(Lc 14,15-24): En aquel tiempo, dijo a Jesús uno de los que comían a la mesa: «¡Dichoso el que pueda comer en el Reino de Dios!». Él le respondió: «Un hombre dio una gran cena y convidó a muchos; a la hora de la cena envió a su siervo a decir a los invitados: ‘Venid, que ya está todo preparado’. Pero todos a una empezaron a excusarse. El primero le dijo: ‘He comprado un campo y tengo que ir a verlo; te ruego me dispenses’. Y otro dijo: ‘He comprado cinco yuntas de bueyes y voy a probarlas; te ruego me dispenses’. Otro dijo: ‘Me he casado, y por eso no puedo ir’.
»Regresó el siervo y se lo contó a su señor. Entonces, airado el dueño de la casa, dijo a su siervo: ‘Sal en seguida a las plazas y calles de la ciudad, y haz entrar aquí a los pobres y lisiados, y ciegos y cojos’. Dijo el siervo: ‘Señor, se ha hecho lo que mandaste, y todavía hay sitio’. Dijo el señor al siervo: ‘Sal a los caminos y cercas, y obliga a entrar hasta que se llene mi casa’. Porque os digo que ninguno de aquellos invitados probará mi cena».
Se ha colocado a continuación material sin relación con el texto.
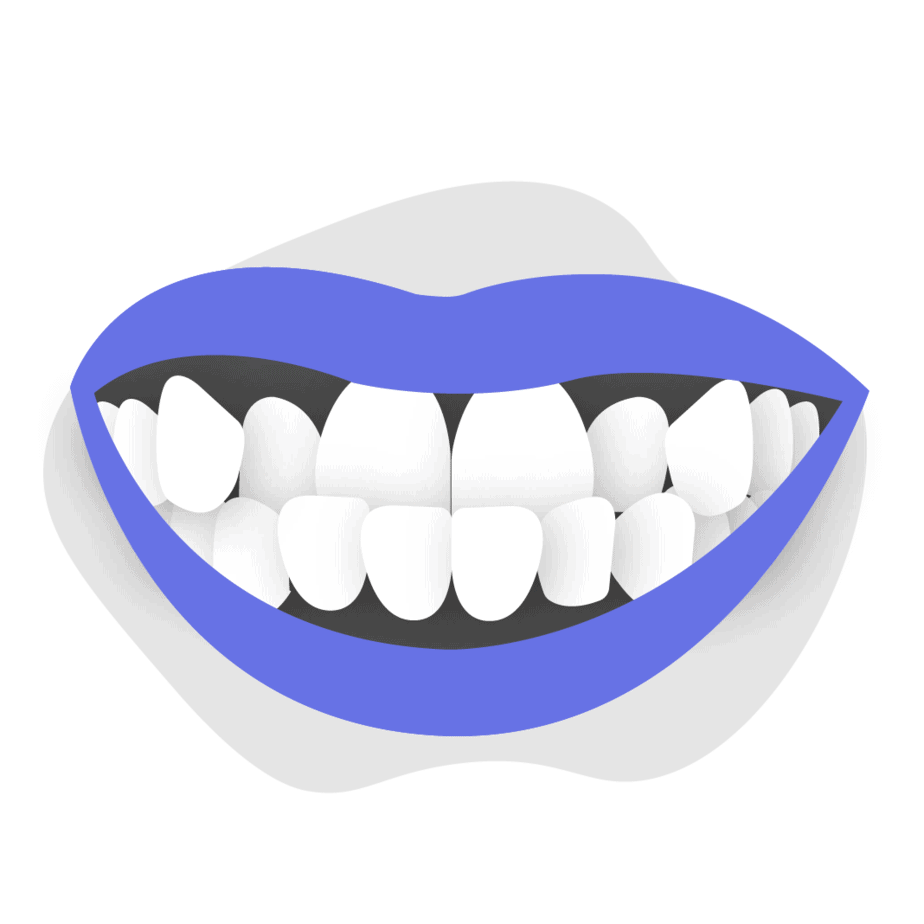 Adult Underbite: What It Is and How To Correct It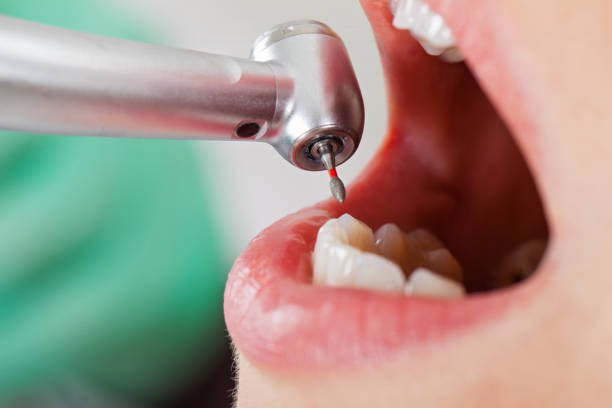 Best Holiday Emergency Dentist in Huntington, VA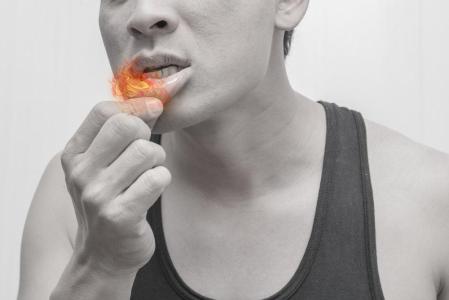Sariawan Akibat HIV: Apa Gejala dan Cara Mengatasinya?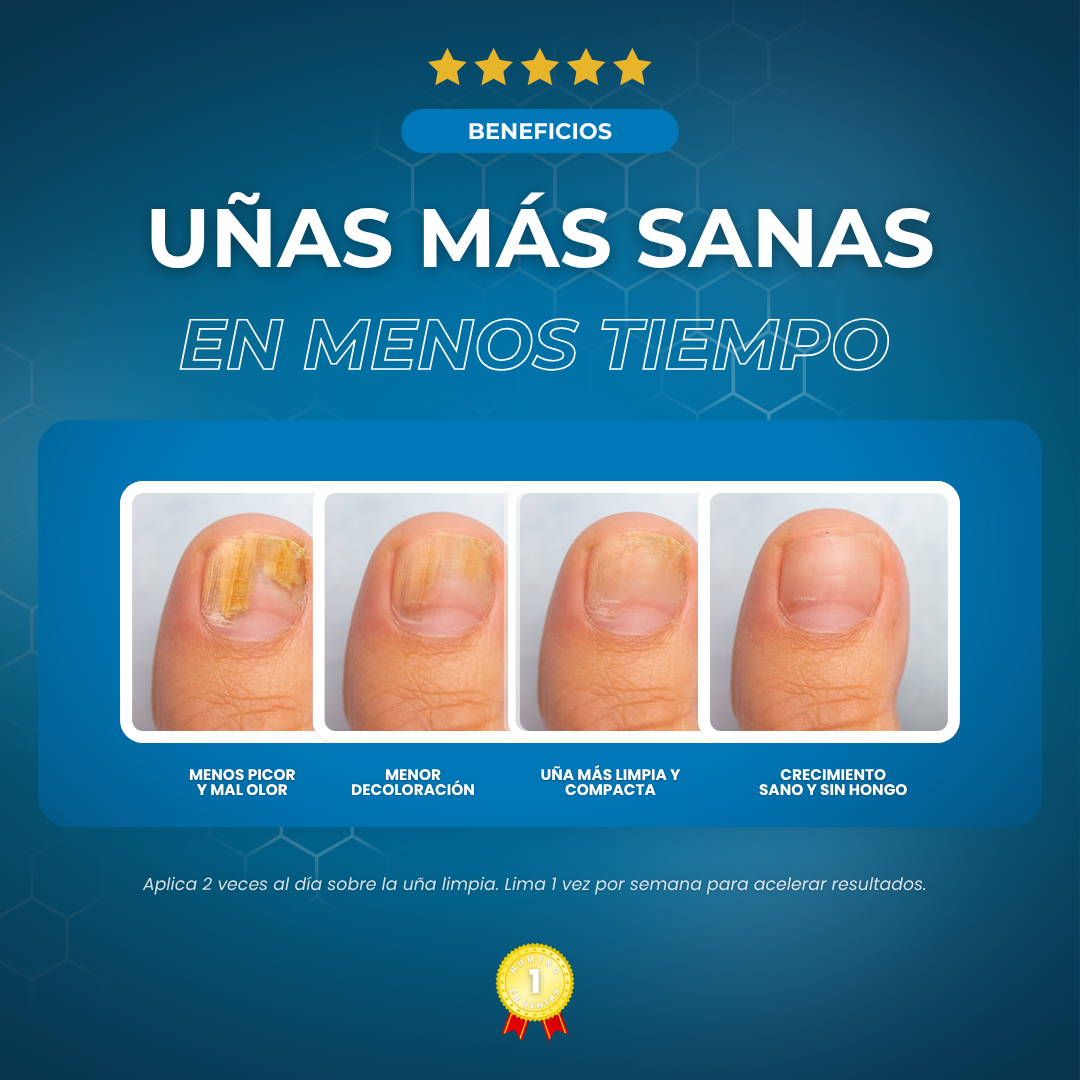 Sanorys Fung - Líquido para eliminar hongos de las uñas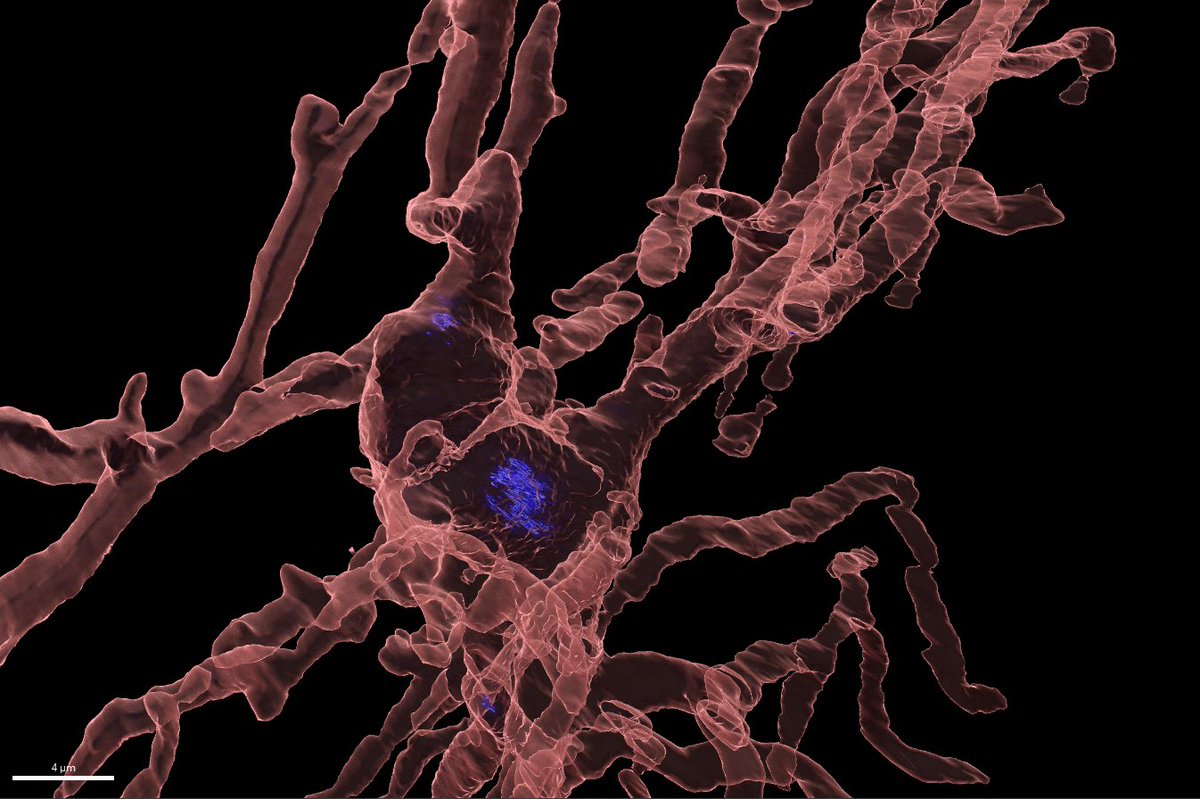 Juan Pablo Taborda-Bejarano (@juanptaborda6) on Twitter photo Some hungry microglia got fed today!
#fluorescentfriday <a href="/cgarciakeller/">Coti Garcia Keller</a> Photo processed by Rohit Bhatia Some hungry microglia got fed today!
#fluorescentfriday <a href="/cgarciakeller/">Coti Garcia Keller</a> Photo processed by Rohit Bhatia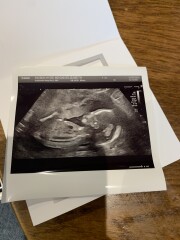 Boy or Girl?! What do you all think? 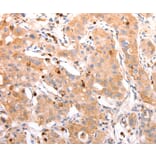 Immunohistochemistry - CELSR2 Antibody from Signalway Antibody (37302) - Antibodies.com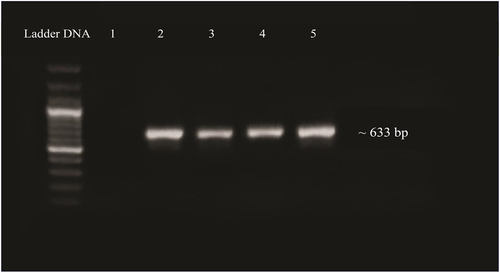Figure 8. PCR confirmation of gene ligation in E. coli plasmid. Lane 1: negative control. Lane 2–5: amplified product of gene.
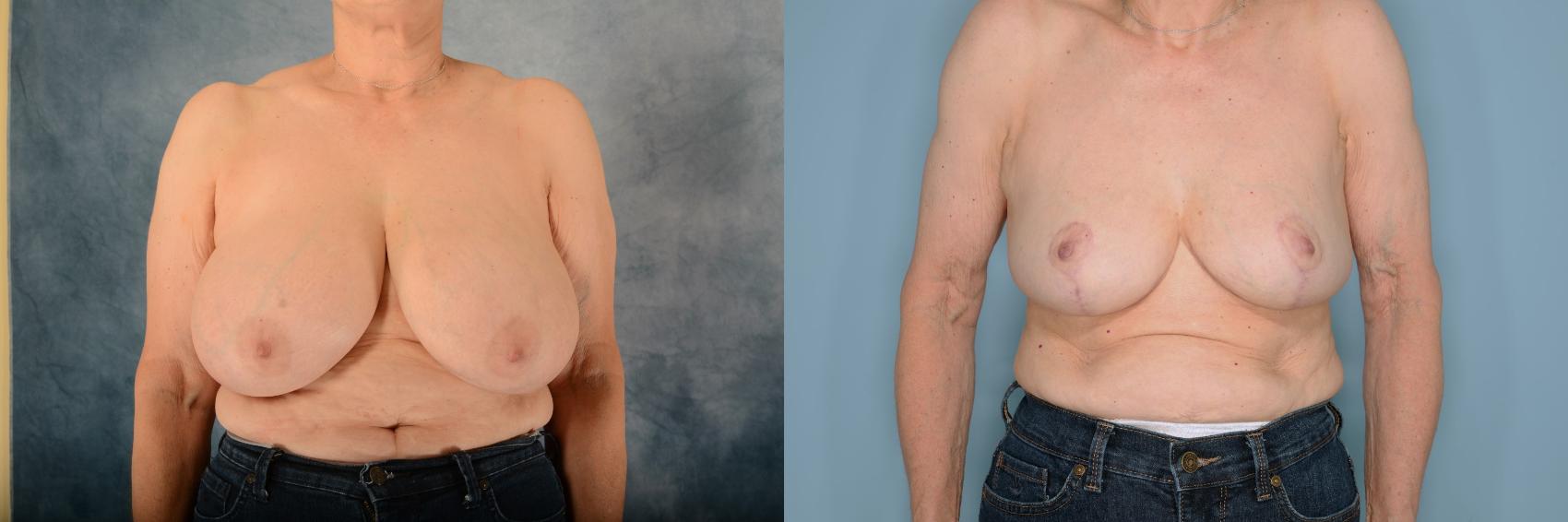 Before & After Breast Reduction Case 644 Front View in Tallahassee, FL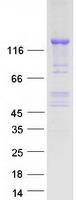 Coomassie blue staining of purified CDAN1 protein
El hecho de comer con otros es señal de amistad y camaradería. Una de las actitudes más profundamente humanas y que Jesús siempre manifiesta. Por eso compara su Reino con aquel que invita a una comida de amigos, pero éstos lo rechazan o se excusan, invitando fundamentalmente a los más débiles y pobres. Otra constante en las líneas evangélicas. Hay unos que siempre van a ser los primeros. Al final los que se sientan en torno a la mesa son los que no tienen compromisos ni proyectos urgentes, los sencillos, los que no temen complicarse y están siempre dispuestos a acudir a una invitación, los que no tienen nada que perder.
Una llamada a comer es una llamada a la amistad, a la intimidad, a la relación personal. Que la dejadez, la comodidad, el individualismo, el espíritu solitario no sean nuestros acompañantes en el camino. Sino el saber compartir con los demás. Que el miedo a ello desaparezca de nuestra vida para entrar en el camino del Reino.